Quinoa, chía, goji, kale, maca, acaí, arándanos, salmón, kéfir, miso, natto, aronia, ajo negro, cacao, camu-camu, espirulina, cúrcuma, alfalfa, berros, baobab, chlorella, maíz morado, plátanos, lúcuma, levadura nutricional, hierba de trigo. Son sólo algunos ejemplos de lo que se ha venido a llamar ‘superalimentos’ en los últimos años, y si quisiéramos podríamos prolongar (y mucho) la lista.

Se trata de diferentes alimentos, a menudo exóticos (y, por ello, a veces relativamente costosos) que se anuncian junto a todo tipo de beneficios casi milagrosos: ‘crear músculo’ ‘bajar la tensión’, ‘mejorar la memoria’, ‘perder peso’, etc. Hasta qué punto estas fabulosas propiedades tienen una base científica sólida detrás es una cuestión muchas veces compleja y que tiende a quedar en manos del consumidor y no del proveedor.

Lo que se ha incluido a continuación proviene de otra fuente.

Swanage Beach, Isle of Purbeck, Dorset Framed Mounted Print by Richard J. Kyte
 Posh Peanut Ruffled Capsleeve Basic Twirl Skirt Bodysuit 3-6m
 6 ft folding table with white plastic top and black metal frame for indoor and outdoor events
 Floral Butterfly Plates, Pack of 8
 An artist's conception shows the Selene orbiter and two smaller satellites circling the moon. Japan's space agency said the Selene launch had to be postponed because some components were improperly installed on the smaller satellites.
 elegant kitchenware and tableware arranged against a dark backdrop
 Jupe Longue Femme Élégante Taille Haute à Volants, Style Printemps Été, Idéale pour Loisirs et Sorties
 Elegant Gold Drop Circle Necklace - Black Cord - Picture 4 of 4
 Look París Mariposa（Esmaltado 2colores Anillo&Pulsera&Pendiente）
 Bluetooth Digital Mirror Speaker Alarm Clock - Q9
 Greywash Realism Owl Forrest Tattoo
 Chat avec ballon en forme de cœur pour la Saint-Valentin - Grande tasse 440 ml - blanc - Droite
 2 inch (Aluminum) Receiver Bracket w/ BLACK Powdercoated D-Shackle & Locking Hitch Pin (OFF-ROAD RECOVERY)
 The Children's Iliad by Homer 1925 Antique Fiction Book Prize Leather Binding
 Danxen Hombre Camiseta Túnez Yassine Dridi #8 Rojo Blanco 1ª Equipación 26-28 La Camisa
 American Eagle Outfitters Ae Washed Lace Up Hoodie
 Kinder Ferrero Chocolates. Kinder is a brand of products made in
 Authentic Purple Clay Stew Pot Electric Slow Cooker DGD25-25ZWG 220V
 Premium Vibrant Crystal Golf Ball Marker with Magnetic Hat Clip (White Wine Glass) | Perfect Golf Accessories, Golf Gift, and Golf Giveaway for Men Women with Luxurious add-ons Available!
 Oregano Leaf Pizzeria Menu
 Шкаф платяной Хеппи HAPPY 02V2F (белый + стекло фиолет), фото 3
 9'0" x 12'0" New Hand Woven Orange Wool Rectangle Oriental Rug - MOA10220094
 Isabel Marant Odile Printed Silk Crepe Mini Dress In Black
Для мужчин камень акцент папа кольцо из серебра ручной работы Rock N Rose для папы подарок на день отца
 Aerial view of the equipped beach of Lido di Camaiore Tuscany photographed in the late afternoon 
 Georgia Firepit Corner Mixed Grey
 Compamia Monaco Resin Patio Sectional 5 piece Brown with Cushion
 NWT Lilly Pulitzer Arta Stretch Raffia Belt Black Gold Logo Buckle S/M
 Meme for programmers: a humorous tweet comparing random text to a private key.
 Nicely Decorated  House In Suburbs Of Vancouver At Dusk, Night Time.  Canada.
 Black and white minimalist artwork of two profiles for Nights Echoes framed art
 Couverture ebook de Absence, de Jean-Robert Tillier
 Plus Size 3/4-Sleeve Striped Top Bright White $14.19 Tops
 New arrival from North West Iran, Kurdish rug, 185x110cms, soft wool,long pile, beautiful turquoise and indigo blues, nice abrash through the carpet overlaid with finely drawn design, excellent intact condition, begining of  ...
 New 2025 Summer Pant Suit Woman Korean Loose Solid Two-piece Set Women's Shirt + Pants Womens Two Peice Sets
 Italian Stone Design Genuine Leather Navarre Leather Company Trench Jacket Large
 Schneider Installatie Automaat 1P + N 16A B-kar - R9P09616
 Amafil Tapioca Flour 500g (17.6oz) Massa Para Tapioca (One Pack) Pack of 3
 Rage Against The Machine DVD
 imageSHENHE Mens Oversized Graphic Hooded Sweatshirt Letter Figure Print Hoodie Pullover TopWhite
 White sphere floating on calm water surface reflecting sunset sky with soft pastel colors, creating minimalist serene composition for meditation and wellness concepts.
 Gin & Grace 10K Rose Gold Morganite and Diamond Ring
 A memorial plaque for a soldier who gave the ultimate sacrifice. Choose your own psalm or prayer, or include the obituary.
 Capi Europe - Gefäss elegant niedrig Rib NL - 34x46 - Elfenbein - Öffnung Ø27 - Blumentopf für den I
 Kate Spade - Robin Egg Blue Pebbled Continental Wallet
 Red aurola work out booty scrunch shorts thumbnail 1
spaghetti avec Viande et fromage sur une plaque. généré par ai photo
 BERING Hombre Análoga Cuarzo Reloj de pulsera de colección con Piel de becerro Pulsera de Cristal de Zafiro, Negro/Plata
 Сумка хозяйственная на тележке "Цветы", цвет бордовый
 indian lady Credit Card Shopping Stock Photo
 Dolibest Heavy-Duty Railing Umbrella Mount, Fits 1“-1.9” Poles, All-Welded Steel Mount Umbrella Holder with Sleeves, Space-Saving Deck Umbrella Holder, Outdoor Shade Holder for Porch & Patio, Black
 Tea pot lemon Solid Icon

La historia de los superalimentos

Hablar de la base científica de los superalimentos es en realidad algo engañoso: simple y llanamente, ‘superalimento’ no es un término científico. De hecho, la Universidad de Harvard traza el origen del término casi con toda certeza al ámbito del marketing y a los días de la primera guerra mundial, cuando la compañía The United Food Company (que, muy interesantemente, también jugaría un papel importante en la configuración de la expresión ‘república bananera’, gracias a su influencia sobre la política de muchos países hispanoamericanos) se embarcó en una entusiasta campaña para promocionar su importación estrella: los plátanos.